> [WHAT TO WORK ON] Filter the listing and keep only the lines with the word "Print".

> [DATA IN THIS EXERCISE]

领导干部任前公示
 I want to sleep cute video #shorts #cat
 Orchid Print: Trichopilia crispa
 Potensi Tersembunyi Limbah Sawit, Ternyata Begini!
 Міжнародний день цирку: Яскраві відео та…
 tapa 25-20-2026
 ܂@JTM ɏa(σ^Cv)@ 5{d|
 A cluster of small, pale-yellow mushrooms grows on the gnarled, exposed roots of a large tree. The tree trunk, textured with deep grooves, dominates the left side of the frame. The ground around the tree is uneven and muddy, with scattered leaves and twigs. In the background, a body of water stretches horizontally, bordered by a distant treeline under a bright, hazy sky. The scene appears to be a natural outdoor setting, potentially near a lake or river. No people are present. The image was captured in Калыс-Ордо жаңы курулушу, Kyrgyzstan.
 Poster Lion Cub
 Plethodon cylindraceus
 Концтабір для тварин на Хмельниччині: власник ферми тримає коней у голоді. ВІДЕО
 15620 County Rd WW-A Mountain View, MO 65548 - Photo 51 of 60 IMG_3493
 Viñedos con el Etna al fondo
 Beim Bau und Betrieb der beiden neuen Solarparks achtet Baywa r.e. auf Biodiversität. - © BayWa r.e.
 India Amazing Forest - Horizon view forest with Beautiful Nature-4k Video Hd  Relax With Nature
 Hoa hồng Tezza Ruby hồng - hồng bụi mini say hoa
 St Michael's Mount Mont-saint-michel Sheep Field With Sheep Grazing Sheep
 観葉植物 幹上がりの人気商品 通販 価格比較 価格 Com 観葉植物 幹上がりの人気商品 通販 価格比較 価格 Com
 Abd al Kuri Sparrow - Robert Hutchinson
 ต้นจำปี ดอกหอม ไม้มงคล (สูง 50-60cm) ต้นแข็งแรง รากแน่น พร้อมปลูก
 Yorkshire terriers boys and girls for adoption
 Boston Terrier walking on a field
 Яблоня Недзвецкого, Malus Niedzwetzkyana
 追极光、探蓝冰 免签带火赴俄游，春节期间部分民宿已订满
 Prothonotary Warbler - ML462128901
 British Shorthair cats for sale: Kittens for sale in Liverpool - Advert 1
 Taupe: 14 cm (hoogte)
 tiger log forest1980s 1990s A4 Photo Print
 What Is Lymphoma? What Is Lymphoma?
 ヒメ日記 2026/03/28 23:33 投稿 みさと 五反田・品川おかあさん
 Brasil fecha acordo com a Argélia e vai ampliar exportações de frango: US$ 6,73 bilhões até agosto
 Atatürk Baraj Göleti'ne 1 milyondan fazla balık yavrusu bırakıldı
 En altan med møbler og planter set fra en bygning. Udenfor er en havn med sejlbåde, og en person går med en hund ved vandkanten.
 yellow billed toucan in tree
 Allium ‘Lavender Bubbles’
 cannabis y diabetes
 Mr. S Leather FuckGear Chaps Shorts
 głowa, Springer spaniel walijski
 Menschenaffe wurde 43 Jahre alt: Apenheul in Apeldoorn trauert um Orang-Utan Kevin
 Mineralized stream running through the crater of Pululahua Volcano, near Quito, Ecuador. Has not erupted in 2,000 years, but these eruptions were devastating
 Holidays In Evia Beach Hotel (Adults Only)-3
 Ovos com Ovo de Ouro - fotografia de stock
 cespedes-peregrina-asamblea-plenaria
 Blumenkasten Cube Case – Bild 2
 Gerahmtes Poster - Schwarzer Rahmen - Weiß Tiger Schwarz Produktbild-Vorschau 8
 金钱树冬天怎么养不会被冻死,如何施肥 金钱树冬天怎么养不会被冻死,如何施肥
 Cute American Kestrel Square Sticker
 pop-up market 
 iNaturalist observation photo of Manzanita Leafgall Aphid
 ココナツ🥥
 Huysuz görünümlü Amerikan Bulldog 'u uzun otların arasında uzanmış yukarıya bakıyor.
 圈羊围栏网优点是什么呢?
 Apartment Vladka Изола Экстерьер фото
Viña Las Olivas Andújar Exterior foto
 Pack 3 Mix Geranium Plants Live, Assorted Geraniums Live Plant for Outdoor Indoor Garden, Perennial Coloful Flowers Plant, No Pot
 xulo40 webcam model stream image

> [ANSWER FOR THIS EXERCISE]
 Orchid Print: Trichopilia crispa
 tiger log forest1980s 1990s A4 Photo Print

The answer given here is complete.